An Introduction

In his path-breaking book, Beyond Reductionism (1969), the famed novelist and polymath Arthur Koestler remarked that "true innovation occurs when things are put together for the first time that had been separate." He was talking about synergy, of course, a phenomenon that is still greatly underrated and vastly more important even than Koestler imagined. I call it "nature's magic."

Synergy is in fact one of the great governing principles of the natural world; it ranks right up there with such heavyweight concepts as gravity, energy, information and entropy as one of the keys to understanding how the world works. It has been a wellspring of creativity in the evolution of the universe; it has greatly influenced the overall trajectory of life on Earth; it played a decisive role in the emergence of humankind; it is vital to the workings of every modern society; and it is no exaggeration to say that our ultimate fate depends on it. Indeed, every day, in a thousand different ways, our lives are shaped, and re-shaped, by synergy.

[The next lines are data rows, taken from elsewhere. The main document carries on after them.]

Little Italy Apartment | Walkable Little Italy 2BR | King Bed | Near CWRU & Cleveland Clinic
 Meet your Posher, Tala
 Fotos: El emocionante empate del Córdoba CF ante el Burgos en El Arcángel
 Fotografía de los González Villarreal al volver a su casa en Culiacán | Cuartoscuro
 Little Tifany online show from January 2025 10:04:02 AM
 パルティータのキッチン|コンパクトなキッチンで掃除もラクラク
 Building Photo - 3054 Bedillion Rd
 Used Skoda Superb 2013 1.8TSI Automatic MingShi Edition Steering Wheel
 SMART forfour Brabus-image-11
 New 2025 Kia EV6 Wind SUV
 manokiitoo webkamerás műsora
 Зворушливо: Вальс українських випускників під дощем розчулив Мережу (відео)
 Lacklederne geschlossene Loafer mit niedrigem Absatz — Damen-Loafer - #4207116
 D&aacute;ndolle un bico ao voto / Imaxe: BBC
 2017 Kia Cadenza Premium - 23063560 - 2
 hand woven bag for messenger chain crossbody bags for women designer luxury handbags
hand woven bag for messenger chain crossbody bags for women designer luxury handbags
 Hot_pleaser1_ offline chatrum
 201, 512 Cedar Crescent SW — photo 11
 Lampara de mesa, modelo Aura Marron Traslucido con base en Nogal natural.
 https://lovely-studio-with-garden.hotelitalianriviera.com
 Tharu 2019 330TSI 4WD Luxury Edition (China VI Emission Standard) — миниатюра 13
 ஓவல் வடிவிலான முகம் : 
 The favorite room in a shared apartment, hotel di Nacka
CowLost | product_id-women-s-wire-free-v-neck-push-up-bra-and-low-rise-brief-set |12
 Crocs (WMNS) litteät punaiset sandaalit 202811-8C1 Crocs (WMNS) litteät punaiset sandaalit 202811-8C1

All of these grandiose-sounding claims are discussed in detail, with many hundreds of examples, in three of my books: The Synergism Hypothesis (McGraw-Hill, 1983), Nature's Magic (Cambridge University Press, 2003), and Holistic Darwinism (University of Chicago Press, 2005), as well as in many of my articles for professional journals. Some of these publications are available at my website: http://www.complexsystems.org/

The purpose of this blog is to provide a continuing update on synergy and an opportunity for some dialogue on this important and still underappreciated phenomenon, along with commentaries on various topics - political, economic, and social -- from a synergy-monger's perspective. The tag-lines for each entry, with a "thought for the day," are the unregulated firecrackers that go off in my mind from time to time.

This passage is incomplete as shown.